Sentence splitting forms the foundation. Naive regex-based splitting fails on abbreviations, decimal numbers, and edge cases. Use a tokenizer-aware splitter that understands sentence boundaries in your target language.

Paragraph detection identifies topic shifts within documents. Sections separated by blank lines or headings typically represent distinct concepts. Long paragraphs may contain multiple sub-topics requiring subdivision.

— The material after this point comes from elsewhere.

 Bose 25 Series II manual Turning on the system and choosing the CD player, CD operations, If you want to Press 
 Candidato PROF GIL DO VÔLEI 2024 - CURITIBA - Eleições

Hierarchical merging combines short segments up to a target size while respecting semantic boundaries. Merge paragraphs until reaching the target chunk size, but stop at heading boundaries.

import re
from typing import List, Tuple

def semantic_chunk(
    text: str,
    min_chunk_size: int = 100,
    max_chunk_size: int = 500,
    overlap: int = 50
) -> List[Tuple[str, dict]]:
    """Split text into semantically coherent chunks with overlap."""
    
    # Split into paragraphs at blank lines
    paragraphs = re.split(r'\n\s*\n', text)
    
    chunks = []
    current_chunk = []
    current_length = 0
    
    for para in paragraphs:
        para = para.strip()
        if not para:
            continue
            
        para_length = len(para)
        
        # If single paragraph exceeds max, split by sentences
        if para_length > max_chunk_size:
            sentences = split_into_sentences(para)
            for sentence in sentences:
                if current_length + len(sentence) > max_chunk_size:
                    if current_chunk:
                        chunks.append(('\n'.join(current_chunk), {}))
                    current_chunk = []
                    current_length = 0
                    # Carry overlap
                    if overlap > 0 and current_chunk:
                        current_chunk = current_chunk[-1:]
                current_chunk.append(sentence)
                current_length += len(sentence)
        else:
            if current_length + para_length > max_chunk_size:
                chunks.append(('\n'.join(current_chunk), {}))
                # Start new chunk with overlap from previous
                overlap_text = '\n'.join(current_chunk)[-overlap:] if overlap else ''
                current_chunk = [overlap_text, para] if overlap_text else [para]
                current_length = len(overlap_text) + para_length
            else:
                current_chunk.append(para)
                current_length += para_length
    
    if current_chunk:
        chunks.append(('\n'.join(current_chunk), {}))
    
    return chunks

def split_into_sentences(text: str) -> List[str]:
    """Use punctuation-aware sentence splitting."""
    # Split on sentence-ending punctuation followed by space and uppercase
    sentences = re.split(r'(?<=[.!?])\s+(?=[A-Z])', text)
    return [s.strip() for s in sentences if s.strip()]